From the view of Allaire’s white pickup truck as he drives across his property to the ocean’s shore, he points to where a new LNG facility will replace marshlands. Commonwealth LNG intends to clear the land of trees and then backfill the remaining low-lying field.
“You see what’s happening with the environment,” Allaire said. “When the facts change, I got to change my mind about what we’re doing.”
Community bands together
John Allaire, left, purchased 311 acres in Cameron Parish in 1998, and has watched the oil and gas industry's footprint spread to his property.
Credit: John Allaire
During an Earth Day rally in April, community members gathered in the urban center of Lake Charles to demand local oil and gas industries help deliver a safer, healthier future for all. In between live acts by artists performing south Louisiana’s quintessential zydeco musical style, speakers like James Hiatt, a Calcasieu Parish native with ties to Cameron Parish and a Healthy Gulf organizer, and RISE St. James organizer Sharon Lavigne, who’s fighting against LNG development in rural Plaquemines Parish near the city of New Orleans, asked the nearly 100 in attendance to imagine a day in which the skyline isn’t dotted by oil and gas infrastructure.
Not long ago, it was hard to imagine an Earth Day rally in southwest Louisiana at all. For decades, the area has been decorated with fossil fuel infrastructure. Sunsets on some days are highlighted by the chemicals in the air; at night, thousands of facilities’ lights dot the dark sky.
“It takes a lot of balls for people to start speaking up,” Shreyas Vasudevan, a campaign researcher with the Louisiana Bucket Brigade, told EHN in the days after the rally. In a region with its history and economy intertwined with oil and gas production, “you can get a lot of social criticism – or ostracization, as well – even threats to your life.”
Many are involved in local, regional and national advocacy groups, including the Louisiana Bucket Brigade, Healthy Gulf, the Sierra Club, the Natural Resources Defense Council, the Turtle Island Restoration Network, the Center for Biological Diversity and the National Audubon Society.
“You see what’s happening with the environment,” Allaire said. “When the facts change, I got to change my mind about what we’re doing.” - John Allaire, environmental engineer and 30-year oil and gas industry veteran
But environmental organizers are fighting a multi-billion-dollar industry with federal and state winds at its back. And LNG’s federal support is coupled with existing state initiatives.

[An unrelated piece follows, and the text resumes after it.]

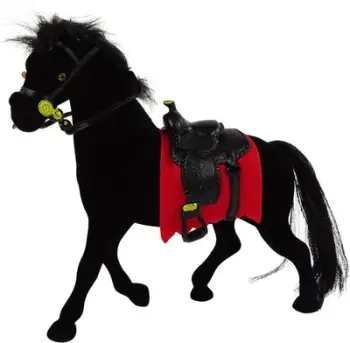 Figurë lodër kadifeje kalë Black Velvet, për fëmijë 3+, e zezë me shalë të kuqe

Under outgoing Louisiana Gov. John Bel Edwards — a term-limited Democrat — the state pledged a goal of reaching net-zero greenhouse emissions by 2050. Natural gas, which the LNG industry markets as a cleaner-burning alternative, is cited as one of the state’s solutions. Louisiana is the only state that produces a majority of its carbon emissions through fossil fuels refining industries, like LNG, rather than energy production or transportation. Governor Edwards’ office did not return EHN’s request for comment.

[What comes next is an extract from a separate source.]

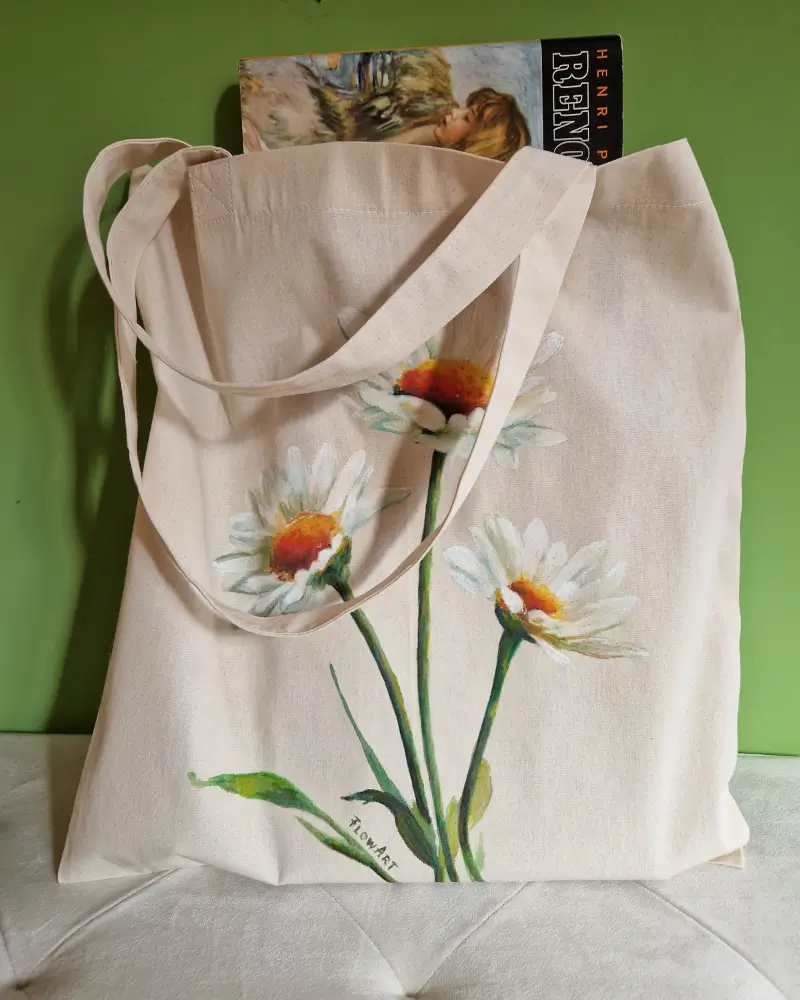 Sacoșă pictată manual cu margarete – bumbac 100% – Flow Art [4]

This accommodating attitude towards oil and gas industries has resulted in a workforce that’s trained to work in LNG refining facilities across much of the rural Gulf region, said Steven Miles, a lawyer at Baker Botts LLP and a fellow at the Baker Institute’s Center on Energy Studies. Simultaneously, anti-industrialization pushback is lacking. It’s good news for industries like LNG.
“The bad news,” Miles added. “[LNG facilities] are all being jammed in the same areas.”
One rallying cry for opponents is local health. The Environmental Integrity Project found that LNG export terminals emit chemicals like carbon monoxide –potentially deadly– and sulfur dioxide, of which the American Lung Association says long-term exposure can lead to heart disease, cancer, and damage to internal or female reproductive organs.
An analysis of emissions monitoring reports by the advocacy group the Louisiana Bucket Brigade found that Venture Global’s existing Calcasieu Pass facility had more than 2,000 permit violations.That includes exceeding the permit’s authorized air emissions limit to release nitrogen oxides, carbon monoxide, particulate matter and volatile organic compounds 286 out of its first 343 days of operation.
The Marvel Crane, the first liquid natural gas carrier to transport natural gas from the Southwest Louisiana LNG facility, transits a channel in Hackberry, Louisiana, May 28, 2019.
“This is just one facility,” at a time when three more facilities have been proposed in the region and state, Vasudevan said. Venture Global’s operational LNG facility — also known as Calcasieu Pass — “is much smaller than the other facility they’ve proposed.”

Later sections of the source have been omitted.